UIC Surgeons Perform Robotic Gallbladder Removal Via A Single Port

Robotic surgery to remove a gallbladder via a single port was performed for the first time in the Midwest recently by surgeons at the University of Illinois at Chicago.

Gallbladder surgery (a cholecystectomy) using this method involves a single incision instead of multiple cuts and less scarring, according to Dr. Enrico Benedetti, head of the department of surgery at UIC.

In robotic surgery, the surgeon sits at a console operating joysticks that control the robot while its arms perform the actual surgery. The doctor sees the patient and every step of the procedure on various screens and can intervene immediately if necessary.

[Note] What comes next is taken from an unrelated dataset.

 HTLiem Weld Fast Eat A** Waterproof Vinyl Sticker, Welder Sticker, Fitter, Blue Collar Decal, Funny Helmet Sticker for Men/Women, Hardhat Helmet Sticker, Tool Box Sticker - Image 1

Dr. Pier Giulianotti, the surgeon at UIC who performed the robotic gallbladder removal, first began practicing robotic surgeries in 1999 and has since done hundreds of them.

The robotic surgeries are done at the University of Illinois Health & Sciences System, the renamed medical center at 1740 W. Taylor St.

“From the beginning I understood that the future of medicine would be connected to computers and robots,” Giulianotti said.

Gallbladder removal “is a very common procedure, performed half a million times in the United States a year,” Benedetti said.

Many of those patients are women for whom a procedure that reduces scarring is important.

Gallbladder removal used to involve conventional, open cavity surgery and then, in the late 1980s, the procedure started to be performed with laparoscopy, according to Dr. Benedetti. Laparoscopy involves inserting a camera into small incisions and then inflating the area with carbon dioxide to get a better view and perform the removal.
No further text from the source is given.